Does anyone have any insights on how to address this issue?

Hello.
I solve problems using an overset grid, which means I observe real movement in a virtual pool. When setting the correct surface roughness below the waterline, the difference in speed with a real ship is no more than 0.5 km/h at a speed of 20 km/h.
When setting the required temperature, the difference in speed is no more than 0.2 km/h. You can imagine how accurately the towing resistance of a vessel is calculated!!!
I'm working on version 17. I build automatic grids with correction.
Only with an overset grid, an accurate center of mass and moment of inertia, can you get an accurate result. If it doesn't work, look for trouble in the mesh or in the physics of the model.
I abandoned “dead” calculations from version 10.

Sorry but I don't understand how this is related to my problem.

Your case is the case when your file is needed for understanding. I don’t think anyone will be able to guess your problem the first or third time. I just recommended a method that does not give errors.

Send an archive of your problem, cleared of the solution. Let's see. What version are you working on?

I believe the "Hull Performance plugin" implies DFBI + overset, so the same approach that Peresvet seems to be suggesting.
The first thing I'd check is how the symmetry is handled in the force report. It's pretty easy to make a factor of two error by double accounting for the symmetry etc. But it can be a milion other things of course.
BTW you seem convinced that the potential solver result is more reliable. Have you tried comparing both solvers to a measured case?

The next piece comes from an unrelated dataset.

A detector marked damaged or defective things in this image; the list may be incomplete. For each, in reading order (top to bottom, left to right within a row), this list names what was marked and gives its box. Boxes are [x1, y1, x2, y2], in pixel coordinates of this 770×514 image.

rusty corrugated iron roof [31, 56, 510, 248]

I dare to guess that a file compression option is needed or the author trusts the star-ssm+ solution more.:)
I prefer geometry in .step or .iges.
Constructing geometry is not interesting. The structure itself is not interesting and will not provide an answer.

I conducted some simulations in the past comparing Star and Potential Flow software (Maxsurf in this case, MS). For this hull in MS, I obtained a resistance of 500kN, while in Star, the mean resistance values were around 1032-1033kN. This value was obtained for half hull (where the wetted area is half of the total area), and the simulations converged on these values, albeit with residual discrepancies as usual.
However, a practical comparison can be made by considering the power required for a given speed and comparing it with similar ships. In this context, if the power requirement aligns better with the resistance value from Maxsurf, it suggests that Maxsurf provides a more realistic value.

I used version 15.02.009-R8 of Star CCM+ for this analysis. I'll share the geometry file via wetransfer because the files are much heavier than 193kb.
https://we.tl/t-ykYSK0sJz8

Доброго дня.
Ваш проект я получил слишком поздно. Вы долго думали. Сейчас супер ПК занят расчётом, а на ноутбуке я не стану время терять. Готовлюсь в отпуск - путешествие до октября.
Осенью сделаю расчёт сопротивления и выложу ссылку здесь на видео анимацию. Даже если этого уже не будет надо.
Извините, но шевелиться надо по жизни резво.